- Film poster
- Directed by: Martin & Martin
- Written by: Piastro Cruiso
- Produced by: The Strangers
- Starring: John Leslie Annette Haven Constance Money
- Cinematography: Seemour Klein
- Edited by: Nick Roberts
- Music by: The Avengers
- Release date: 1977 (United States);
- Running time: 75 minutes
- Country: United States
- Language: English

= Obsessed (1977 film) =

Obsessed (also known as Anna Obsessed and Blue Obsessions) is a 1977 pornographic film directed by Martin & Martin, and written by Piastro Cruiso.

== Plot ==

Anna Carson awakens from a recurring nightmare, and later has unsatisfying sex with her husband, a businessman named David, as a prowler watches the two of them through their living room window. The next morning, Anna and David argue about the long hours David has been working, and about how bad their sex has become. Anna then drives into town, followed by the voyeur, as her car radio discusses the Long Island Rape Murderer, a serial killer who has been raping and killing women and children. At a train station, Anna meets Maggie Ronson, a photographer who later tracks Anna down to a beauty salon, to return a datebook Anna had dropped.

In the Carson home, Anna and David discuss their failing marriage before David goes to work, where he makes dinner plans with his secretary. While out shopping one night, Anna is sexually assaulted by the Long Island Rape Murderer. After Maggie invites her over, Anna confides in Maggie about being attacked, and the two enter a relationship, while David begins an affair of his own with his secretary. The Long Island Rape Murderer continues to stalk Anna, steals objects like pictures and underwear from her, and has erotic fantasies about her.

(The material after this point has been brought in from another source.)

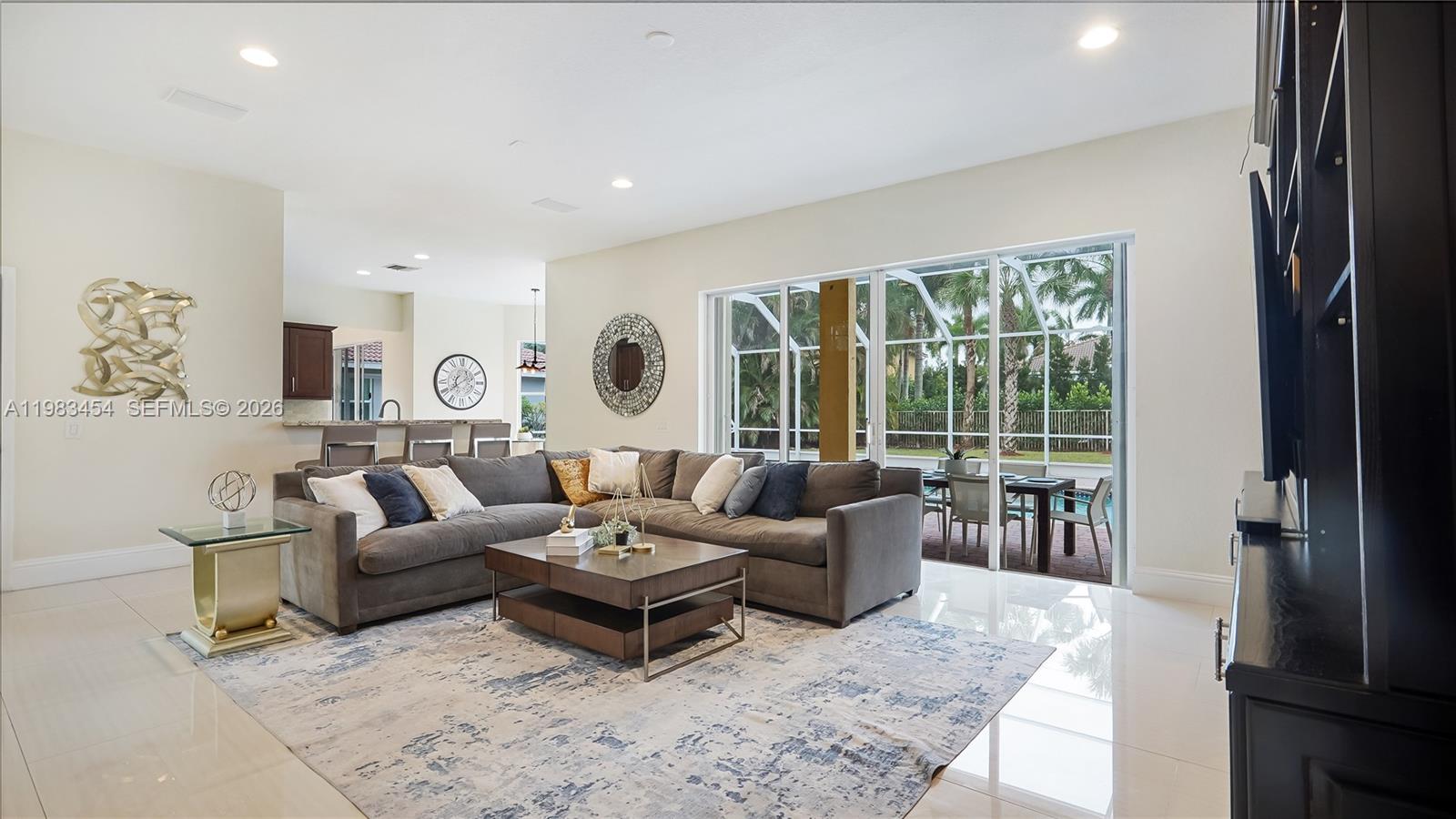 1646 Victoria Pointe Ln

Anna has sex with David (flashing back to being raped in the midst) and afterward tells him about how she believes Maggie can help their floundering relationship. The Long Island Rape Murderer is shown angrily destroying a photograph of Anna, who has dinner with David and Maggie, then a threesome. After the trio finish, Maggie is revealed to be the Long Island Rape Murderer, and she shoots David and Anna. The police arrive, and as they arrest the seemingly catatonic Maggie, she shoots a detective, and is in turn brought down in a hail of gunfire by a lieutenant.

== Cast ==

- Constance Money as Anna Carson
- Annette Haven as Maggie Ronson
- John Leslie as David Carson
- Suzanne McBain as David's Secretary
- Jamie Gillis as The Secretary's Fantasy Man

== Reception ==

Adam Film World gave Obsessed a 4/5 ("Volcanic") while Hustler Erotic Video awarded it a 3/4. AVNs Peter Warren gave the film a 4 out of 5, and opined that it "is well acted and directed, and gets increasingly steamy as Money begins a lesbian affair with Haven". Justin McKinney of The Bloody Pit of Horror, who gave Obsessed a 2.5 out of a possible 5, wrote "As far as hardcore goes, not too bad. There's a good plot/sex ratio, a stylish (though abrupt) finale and above average (for porn) acting from Leslie and Haven. Money, on the other hand, isn't much of an actress even by porn standards and seems highly sedated throughout. Most of grisly stuff occurs offscreen, though there's a little violence at the very end".